» **WORK REQUEST**:
Leave the images aside and copy out the whole listing, exact to the word.

» **EXTRACTED DATA**:
+---+

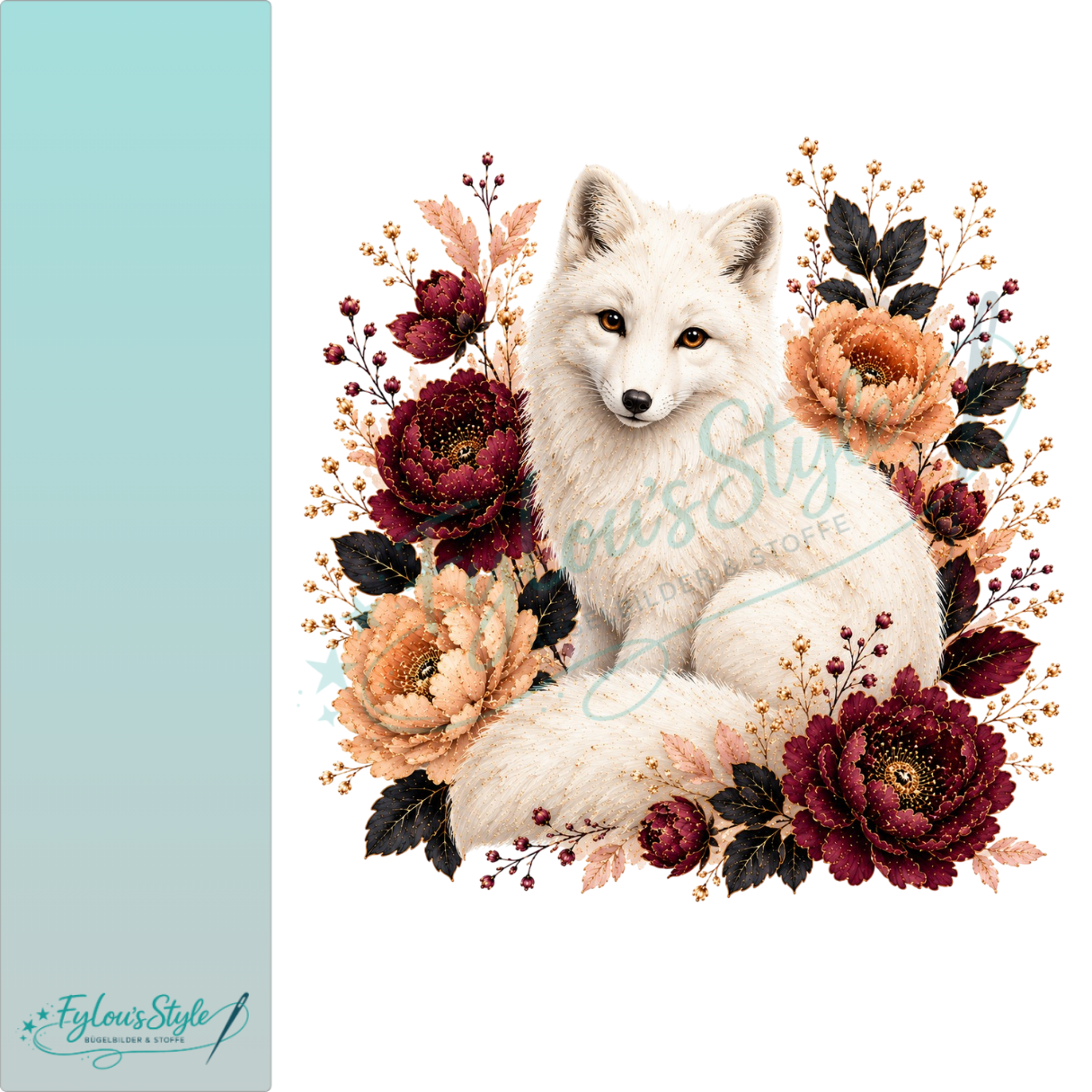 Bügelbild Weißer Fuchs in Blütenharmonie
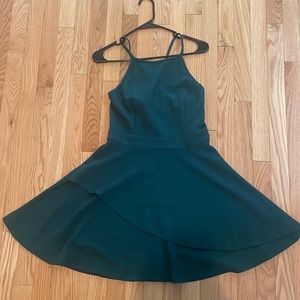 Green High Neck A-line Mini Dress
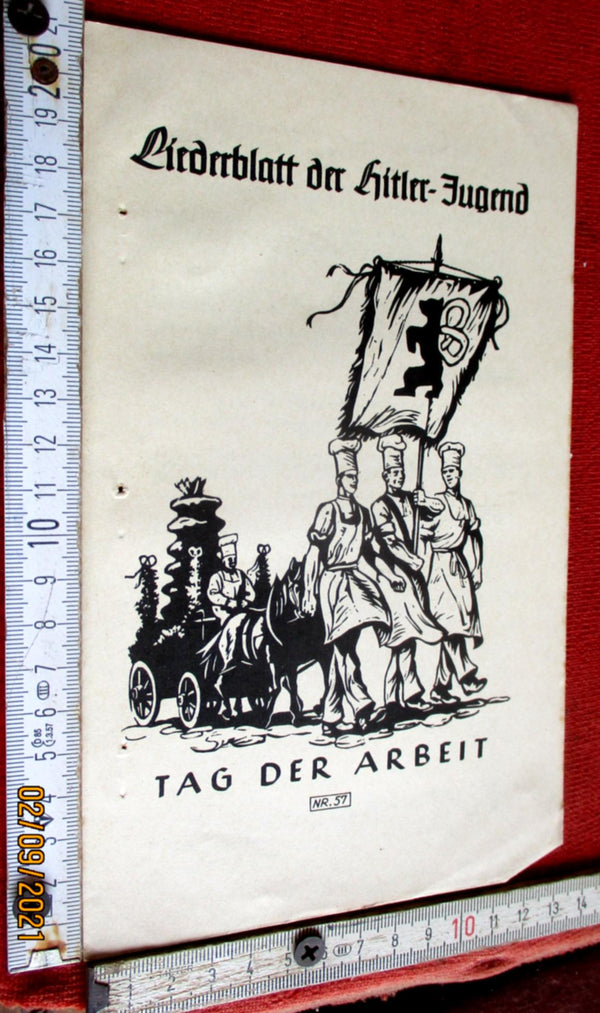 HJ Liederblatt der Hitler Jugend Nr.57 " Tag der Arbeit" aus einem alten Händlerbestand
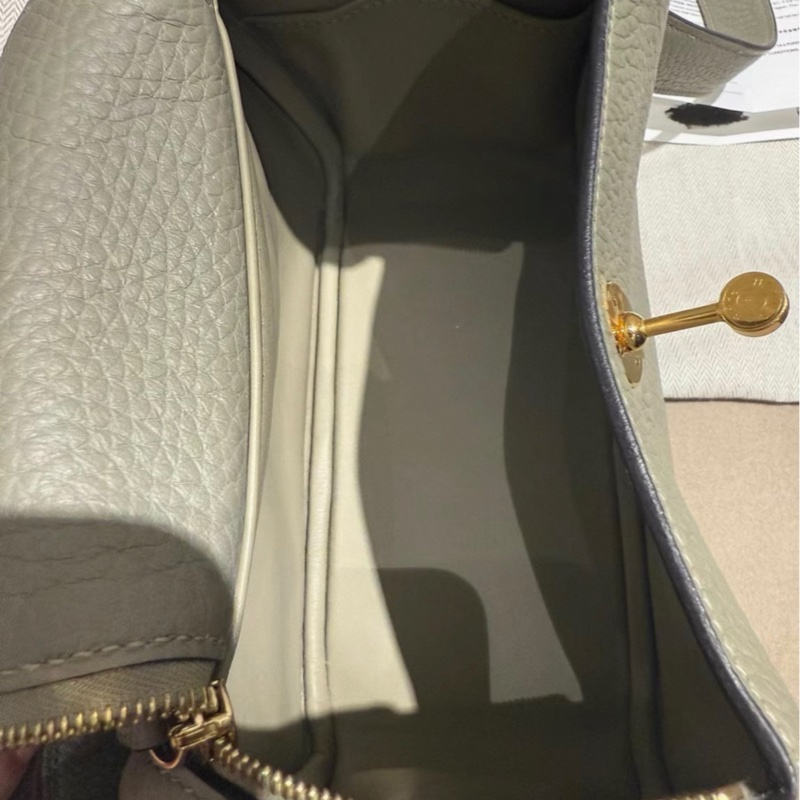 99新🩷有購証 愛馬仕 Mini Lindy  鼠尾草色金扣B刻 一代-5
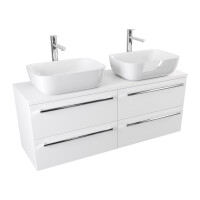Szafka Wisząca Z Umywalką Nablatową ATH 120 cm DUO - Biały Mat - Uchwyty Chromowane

+---+

» **ANSWER BELOW**:
 Bügelbild Weißer Fuchs in Blütenharmonie
 Green High Neck A-line Mini Dress
 HJ Liederblatt der Hitler Jugend Nr.57 " Tag der Arbeit" aus einem alten Händlerbestand
 99新🩷有購証 愛馬仕 Mini Lindy  鼠尾草色金扣B刻 一代-5
Szafka Wisząca Z Umywalką Nablatową ATH 120 cm DUO - Biały Mat - Uchwyty Chromowane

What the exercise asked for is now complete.